There can’t be many people in the UK who use the internet and have some association with Type 1 Diabetes but haven’t heard about 21 year old Gavin Griffiths’s amazing challenge of running 900 miles between John O’Groats and Land’s End, over 30 days. If you haven’t heard about it then take a look at Gavin’s web site: http://diathlete.org/the-gbr-30-30-challenge/

Donation, donation, donation

If you’d like to donate to Gav’s GBR30/30 Challenge fundraising pot please click this: http://bit.ly/gbr3030donate

How did we get involved?

I’ve been following Gav’s progress and tweets about the challenge for many months but never thought I’d ever get involved but when the opportunity arose on the 27th December – two days before Amy’s second Di-aversary* – I signed up.

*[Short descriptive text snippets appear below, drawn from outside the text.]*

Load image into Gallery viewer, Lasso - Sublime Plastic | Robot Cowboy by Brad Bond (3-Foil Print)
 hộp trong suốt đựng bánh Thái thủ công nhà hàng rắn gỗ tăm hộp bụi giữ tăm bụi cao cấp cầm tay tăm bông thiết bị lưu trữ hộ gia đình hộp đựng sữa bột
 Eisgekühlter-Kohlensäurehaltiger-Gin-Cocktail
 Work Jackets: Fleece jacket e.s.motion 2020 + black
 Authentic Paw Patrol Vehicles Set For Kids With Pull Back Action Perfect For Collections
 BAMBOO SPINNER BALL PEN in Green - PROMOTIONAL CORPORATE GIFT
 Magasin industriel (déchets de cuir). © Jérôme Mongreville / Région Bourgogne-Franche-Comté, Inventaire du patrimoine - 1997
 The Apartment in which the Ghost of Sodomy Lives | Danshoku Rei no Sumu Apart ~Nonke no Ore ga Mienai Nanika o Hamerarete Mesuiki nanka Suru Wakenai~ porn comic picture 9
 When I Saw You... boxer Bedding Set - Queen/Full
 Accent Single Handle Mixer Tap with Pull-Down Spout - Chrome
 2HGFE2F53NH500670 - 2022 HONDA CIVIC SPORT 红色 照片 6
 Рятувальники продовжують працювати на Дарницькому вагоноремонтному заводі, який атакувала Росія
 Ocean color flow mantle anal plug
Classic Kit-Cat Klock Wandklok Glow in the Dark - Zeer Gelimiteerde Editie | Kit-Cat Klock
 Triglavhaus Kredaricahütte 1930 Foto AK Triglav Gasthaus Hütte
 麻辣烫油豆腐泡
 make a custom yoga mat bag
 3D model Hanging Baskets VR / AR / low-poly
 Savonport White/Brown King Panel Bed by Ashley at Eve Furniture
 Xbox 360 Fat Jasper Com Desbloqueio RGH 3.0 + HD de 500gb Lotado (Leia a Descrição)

So there it was, we’d cycle next to Gavin for one of the days of his GBR30/30 challenge. It seemed to us like a token effort considering the challenge itself but Gav seemed pleased with the idea.
The next day we were at Amy’s clinic and even the Doctor knew about Gavin and his challenge:

*diaversary – the anniversary of a person being diagnosed with diabetes, turned around to be a positive thing.

Why get involved?

If you’ve read the article about trying to inspire Amy then you’ll have guessed correctly that this was part of the plan. I wanted Amy to meet Gav at least and to see/hear first hand that the life of someone with Type 1 Diabetes doesn’t need to be held back; that she could aspire to have a great life without be ‘stopped’ from doing stuff*; that someone with Type 1 can do stuff that people without it (like me) could never dream of doing. I figured that if this mindset sank in before going through the next tricky teenage years then Amy would be better placed to deal with adolescence.

* ok, I know there’s stuff she just won’t be able to do (join the army, drive for more than a couple of hours without stopping, eat without using an A-grader’s knowledge of GCSE’s mathmatics) but I’m talking in general; about not just sitting there and bemoaning her situation.

Logistics, logistics

I asked Amy if she’d liked to do the cycle and she jumped at the chance, even though the furthest she’d ever cycled was 24 miles the previous summer. I told Jane that I’d need her to provide driving support as we’d be starting in one place and ending somewhere else 30 miles away.
“But I’d like to do it too”
“Damn, I’d better ring my Dad and ask him to drive then”.
Logistics turned out to be the trickiest thing but I came out with a plan, saw it through and it all went well in the end.

Meeting Gav

I met with Gav one Sunday morning – he was late, I think it’s a trait of his 🙂 (Just joking Gav!)
We discussed the challenge, what troubles he was having and somewhere along the line I offered as much support as he needed, especially for the last four days, starting at Torquay and ending at Land’s End.

Soon it became clear to me that I wanted to do more than cycle just one day but the logistics of anything else seemed to difficult, until I threw a couple of ideas my Dad’s way.
Suddenly the agreed plan was hatched, Dad and I would support Gavin from Torquay to Plymouth and Plymouth to Bodmin; Jane, Amy and I would cycle from Bodmin to St Agnes; we’d all be there at the (Land’s) End to cheer him home.
I decided that I was going to cycle some part of all those four days but I kept it quiet, for a while at least.